Beginning with the line that contains "50.3cts - Tribal" in the material below, print each line exactly until the line that contains "Ramia Osvaldo Ristuccia" has been printed, then stop.
####
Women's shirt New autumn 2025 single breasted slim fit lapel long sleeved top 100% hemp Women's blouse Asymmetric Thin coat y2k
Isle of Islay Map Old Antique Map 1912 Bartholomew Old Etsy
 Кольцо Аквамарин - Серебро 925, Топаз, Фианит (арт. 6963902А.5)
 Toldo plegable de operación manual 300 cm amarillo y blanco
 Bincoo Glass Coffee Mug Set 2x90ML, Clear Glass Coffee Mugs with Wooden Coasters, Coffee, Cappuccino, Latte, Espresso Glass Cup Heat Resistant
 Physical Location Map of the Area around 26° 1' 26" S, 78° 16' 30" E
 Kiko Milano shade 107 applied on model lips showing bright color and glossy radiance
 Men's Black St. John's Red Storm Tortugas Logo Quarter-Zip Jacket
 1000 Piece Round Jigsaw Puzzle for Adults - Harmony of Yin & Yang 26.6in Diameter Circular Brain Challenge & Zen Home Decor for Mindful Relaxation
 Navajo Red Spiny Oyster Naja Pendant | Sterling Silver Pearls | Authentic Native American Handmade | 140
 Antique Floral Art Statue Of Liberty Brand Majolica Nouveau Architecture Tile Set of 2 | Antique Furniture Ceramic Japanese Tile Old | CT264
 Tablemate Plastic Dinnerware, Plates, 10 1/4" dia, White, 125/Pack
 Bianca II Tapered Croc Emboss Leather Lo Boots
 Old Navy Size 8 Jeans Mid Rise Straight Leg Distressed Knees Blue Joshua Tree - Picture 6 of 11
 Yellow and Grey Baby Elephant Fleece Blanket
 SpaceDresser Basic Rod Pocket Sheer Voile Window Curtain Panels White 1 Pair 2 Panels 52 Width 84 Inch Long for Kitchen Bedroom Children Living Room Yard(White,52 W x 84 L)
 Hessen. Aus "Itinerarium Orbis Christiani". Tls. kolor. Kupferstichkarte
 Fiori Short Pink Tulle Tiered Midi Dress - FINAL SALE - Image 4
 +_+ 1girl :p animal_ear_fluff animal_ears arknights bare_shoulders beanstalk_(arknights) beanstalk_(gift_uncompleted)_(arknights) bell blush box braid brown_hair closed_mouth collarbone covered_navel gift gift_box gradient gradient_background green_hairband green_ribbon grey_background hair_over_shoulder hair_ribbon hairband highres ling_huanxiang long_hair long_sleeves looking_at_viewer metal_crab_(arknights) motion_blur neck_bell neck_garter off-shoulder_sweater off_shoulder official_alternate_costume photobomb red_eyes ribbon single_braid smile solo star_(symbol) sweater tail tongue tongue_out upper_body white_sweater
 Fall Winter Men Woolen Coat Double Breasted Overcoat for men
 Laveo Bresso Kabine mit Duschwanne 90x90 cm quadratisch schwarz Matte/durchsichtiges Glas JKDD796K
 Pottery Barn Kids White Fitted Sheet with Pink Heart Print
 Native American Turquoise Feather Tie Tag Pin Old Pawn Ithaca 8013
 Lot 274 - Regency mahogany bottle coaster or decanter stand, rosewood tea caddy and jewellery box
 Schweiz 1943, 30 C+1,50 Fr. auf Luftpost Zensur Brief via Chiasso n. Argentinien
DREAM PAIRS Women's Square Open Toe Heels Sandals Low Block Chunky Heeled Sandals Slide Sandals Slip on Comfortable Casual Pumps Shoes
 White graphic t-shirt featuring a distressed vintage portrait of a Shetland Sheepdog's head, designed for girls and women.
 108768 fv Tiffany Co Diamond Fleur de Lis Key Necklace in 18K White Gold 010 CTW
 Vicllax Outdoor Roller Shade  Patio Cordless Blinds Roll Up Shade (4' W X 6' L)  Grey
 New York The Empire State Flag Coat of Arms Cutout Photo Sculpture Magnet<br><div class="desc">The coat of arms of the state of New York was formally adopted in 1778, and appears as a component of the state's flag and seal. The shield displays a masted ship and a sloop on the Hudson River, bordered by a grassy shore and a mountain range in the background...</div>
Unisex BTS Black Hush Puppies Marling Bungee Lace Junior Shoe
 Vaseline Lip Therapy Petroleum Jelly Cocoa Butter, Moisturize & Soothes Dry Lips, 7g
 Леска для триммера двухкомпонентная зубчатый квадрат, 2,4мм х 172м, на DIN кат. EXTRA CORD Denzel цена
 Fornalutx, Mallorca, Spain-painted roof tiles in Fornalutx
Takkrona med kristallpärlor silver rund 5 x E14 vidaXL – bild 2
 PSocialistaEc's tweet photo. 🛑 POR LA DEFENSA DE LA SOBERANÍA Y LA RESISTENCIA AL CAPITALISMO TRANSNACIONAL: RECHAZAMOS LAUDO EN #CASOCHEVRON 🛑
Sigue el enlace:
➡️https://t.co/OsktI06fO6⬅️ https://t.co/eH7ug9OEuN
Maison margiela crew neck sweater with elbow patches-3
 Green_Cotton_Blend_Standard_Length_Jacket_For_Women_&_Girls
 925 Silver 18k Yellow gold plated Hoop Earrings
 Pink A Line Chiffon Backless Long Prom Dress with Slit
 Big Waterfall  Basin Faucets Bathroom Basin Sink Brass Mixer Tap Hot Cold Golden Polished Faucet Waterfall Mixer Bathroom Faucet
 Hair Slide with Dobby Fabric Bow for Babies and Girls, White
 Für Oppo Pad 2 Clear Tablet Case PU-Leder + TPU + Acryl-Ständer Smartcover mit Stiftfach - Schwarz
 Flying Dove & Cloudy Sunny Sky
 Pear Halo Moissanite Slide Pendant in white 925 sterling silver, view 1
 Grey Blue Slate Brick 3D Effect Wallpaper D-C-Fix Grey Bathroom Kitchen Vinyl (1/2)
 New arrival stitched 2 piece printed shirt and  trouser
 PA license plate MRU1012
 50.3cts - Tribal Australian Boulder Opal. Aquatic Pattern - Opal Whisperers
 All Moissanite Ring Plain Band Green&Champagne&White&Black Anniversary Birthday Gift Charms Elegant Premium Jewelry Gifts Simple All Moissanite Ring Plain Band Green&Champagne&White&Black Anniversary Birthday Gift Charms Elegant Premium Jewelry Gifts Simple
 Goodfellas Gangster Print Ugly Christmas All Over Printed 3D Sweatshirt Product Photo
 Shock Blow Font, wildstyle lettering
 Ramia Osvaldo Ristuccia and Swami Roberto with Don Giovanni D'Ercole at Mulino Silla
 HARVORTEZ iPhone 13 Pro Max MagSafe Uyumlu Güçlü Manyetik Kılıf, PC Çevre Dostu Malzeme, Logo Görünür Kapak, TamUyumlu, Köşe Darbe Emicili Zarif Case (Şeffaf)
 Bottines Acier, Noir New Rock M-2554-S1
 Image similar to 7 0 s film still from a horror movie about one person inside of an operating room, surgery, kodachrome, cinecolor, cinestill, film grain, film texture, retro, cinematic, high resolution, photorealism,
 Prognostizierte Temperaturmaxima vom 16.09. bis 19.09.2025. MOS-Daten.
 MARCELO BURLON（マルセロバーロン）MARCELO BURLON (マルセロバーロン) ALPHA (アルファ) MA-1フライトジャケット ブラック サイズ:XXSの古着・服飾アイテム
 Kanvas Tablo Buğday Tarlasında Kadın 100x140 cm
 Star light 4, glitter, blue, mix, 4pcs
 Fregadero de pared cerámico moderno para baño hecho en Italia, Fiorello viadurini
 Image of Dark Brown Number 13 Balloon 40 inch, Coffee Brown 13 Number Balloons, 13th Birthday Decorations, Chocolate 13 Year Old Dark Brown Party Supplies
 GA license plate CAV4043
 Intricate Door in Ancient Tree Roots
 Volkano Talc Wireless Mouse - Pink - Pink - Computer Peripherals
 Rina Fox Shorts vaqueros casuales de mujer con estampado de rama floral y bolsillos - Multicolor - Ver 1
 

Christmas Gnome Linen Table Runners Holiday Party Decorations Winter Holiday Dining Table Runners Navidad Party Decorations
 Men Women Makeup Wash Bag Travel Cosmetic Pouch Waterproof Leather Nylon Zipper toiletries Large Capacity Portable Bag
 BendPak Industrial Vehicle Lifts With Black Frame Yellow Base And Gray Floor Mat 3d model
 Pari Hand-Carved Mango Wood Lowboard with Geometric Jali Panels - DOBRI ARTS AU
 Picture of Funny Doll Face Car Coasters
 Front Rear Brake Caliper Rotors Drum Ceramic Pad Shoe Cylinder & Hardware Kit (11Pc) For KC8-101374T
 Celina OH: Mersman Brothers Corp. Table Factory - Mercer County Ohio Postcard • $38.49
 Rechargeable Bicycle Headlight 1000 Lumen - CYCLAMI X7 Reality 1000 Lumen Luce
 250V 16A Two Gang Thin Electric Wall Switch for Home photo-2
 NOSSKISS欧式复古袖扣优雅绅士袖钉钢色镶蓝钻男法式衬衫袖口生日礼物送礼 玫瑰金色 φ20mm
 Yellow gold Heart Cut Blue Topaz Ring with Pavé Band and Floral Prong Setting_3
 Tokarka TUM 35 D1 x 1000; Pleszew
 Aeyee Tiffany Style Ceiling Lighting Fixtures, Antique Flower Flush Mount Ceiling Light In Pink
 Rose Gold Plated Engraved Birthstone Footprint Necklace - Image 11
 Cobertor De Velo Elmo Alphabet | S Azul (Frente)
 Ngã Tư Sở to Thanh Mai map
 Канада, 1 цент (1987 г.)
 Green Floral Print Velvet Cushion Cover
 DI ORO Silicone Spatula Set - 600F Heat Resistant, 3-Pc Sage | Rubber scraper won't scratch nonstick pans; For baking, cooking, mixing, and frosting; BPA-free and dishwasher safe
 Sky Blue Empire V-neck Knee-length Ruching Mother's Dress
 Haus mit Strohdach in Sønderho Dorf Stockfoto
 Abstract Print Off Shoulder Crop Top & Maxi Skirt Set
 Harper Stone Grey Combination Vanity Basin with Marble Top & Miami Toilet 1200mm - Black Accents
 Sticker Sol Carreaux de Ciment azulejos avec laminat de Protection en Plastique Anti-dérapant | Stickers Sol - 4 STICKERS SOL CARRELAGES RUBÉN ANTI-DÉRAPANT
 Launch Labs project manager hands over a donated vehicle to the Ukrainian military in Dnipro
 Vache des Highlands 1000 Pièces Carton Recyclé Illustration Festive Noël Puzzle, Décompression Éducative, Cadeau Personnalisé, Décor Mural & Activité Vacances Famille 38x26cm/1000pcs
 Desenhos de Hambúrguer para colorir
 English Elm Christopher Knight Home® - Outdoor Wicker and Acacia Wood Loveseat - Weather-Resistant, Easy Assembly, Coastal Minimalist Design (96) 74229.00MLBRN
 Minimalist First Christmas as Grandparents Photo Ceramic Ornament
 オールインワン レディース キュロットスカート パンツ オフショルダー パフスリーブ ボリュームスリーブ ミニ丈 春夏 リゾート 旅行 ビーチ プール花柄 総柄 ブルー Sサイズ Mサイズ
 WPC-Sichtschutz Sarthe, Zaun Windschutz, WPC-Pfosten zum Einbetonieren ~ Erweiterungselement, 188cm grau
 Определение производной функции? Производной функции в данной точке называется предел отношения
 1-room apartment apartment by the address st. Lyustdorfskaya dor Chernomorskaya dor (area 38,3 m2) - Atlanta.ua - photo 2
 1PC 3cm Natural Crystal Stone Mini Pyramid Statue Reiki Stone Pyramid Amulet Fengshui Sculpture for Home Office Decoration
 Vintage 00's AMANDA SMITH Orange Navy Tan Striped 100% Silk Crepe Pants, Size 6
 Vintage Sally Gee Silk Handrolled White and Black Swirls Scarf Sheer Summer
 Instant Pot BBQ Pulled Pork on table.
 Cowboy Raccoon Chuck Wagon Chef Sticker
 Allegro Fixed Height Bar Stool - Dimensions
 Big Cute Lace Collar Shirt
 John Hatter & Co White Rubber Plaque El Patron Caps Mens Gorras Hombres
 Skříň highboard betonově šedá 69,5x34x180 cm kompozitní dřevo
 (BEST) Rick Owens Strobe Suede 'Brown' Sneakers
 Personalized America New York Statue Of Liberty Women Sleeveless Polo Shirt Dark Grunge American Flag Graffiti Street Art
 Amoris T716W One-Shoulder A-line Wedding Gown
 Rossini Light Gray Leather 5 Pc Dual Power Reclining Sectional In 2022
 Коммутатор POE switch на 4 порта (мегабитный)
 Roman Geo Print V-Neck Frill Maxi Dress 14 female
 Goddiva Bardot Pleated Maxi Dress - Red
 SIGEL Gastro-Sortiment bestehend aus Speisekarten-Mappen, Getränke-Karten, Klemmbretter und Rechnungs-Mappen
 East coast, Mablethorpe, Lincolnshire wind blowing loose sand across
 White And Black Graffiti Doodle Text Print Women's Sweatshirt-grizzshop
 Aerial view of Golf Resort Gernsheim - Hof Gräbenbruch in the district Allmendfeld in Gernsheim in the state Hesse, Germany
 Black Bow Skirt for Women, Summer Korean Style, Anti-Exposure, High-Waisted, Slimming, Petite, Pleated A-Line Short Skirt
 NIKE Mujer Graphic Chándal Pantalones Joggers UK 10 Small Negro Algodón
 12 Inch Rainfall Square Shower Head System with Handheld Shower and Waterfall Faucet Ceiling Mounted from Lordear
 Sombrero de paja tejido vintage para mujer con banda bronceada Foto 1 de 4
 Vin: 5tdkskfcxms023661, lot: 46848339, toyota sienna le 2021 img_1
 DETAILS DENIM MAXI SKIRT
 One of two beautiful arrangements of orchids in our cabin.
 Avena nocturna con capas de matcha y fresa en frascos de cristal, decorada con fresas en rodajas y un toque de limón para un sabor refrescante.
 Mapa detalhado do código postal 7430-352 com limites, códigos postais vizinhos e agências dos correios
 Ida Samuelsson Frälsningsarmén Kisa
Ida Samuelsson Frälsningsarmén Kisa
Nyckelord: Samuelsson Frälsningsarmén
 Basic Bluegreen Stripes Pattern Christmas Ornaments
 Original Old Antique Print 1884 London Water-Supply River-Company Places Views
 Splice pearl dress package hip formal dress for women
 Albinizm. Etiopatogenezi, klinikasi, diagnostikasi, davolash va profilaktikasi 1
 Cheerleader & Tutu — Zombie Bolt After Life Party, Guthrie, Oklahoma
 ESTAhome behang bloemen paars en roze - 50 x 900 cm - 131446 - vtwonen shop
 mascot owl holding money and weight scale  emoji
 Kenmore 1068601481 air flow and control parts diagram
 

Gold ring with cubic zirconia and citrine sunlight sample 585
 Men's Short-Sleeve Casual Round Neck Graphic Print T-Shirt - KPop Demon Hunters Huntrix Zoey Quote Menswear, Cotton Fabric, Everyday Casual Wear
####
■ **ANSWER AREA**
 50.3cts - Tribal Australian Boulder Opal. Aquatic Pattern - Opal Whisperers
 All Moissanite Ring Plain Band Green&Champagne&White&Black Anniversary Birthday Gift Charms Elegant Premium Jewelry Gifts Simple All Moissanite Ring Plain Band Green&Champagne&White&Black Anniversary Birthday Gift Charms Elegant Premium Jewelry Gifts Simple
 Goodfellas Gangster Print Ugly Christmas All Over Printed 3D Sweatshirt Product Photo
 Shock Blow Font, wildstyle lettering
 Ramia Osvaldo Ristuccia and Swami Roberto with Don Giovanni D'Ercole at Mulino Silla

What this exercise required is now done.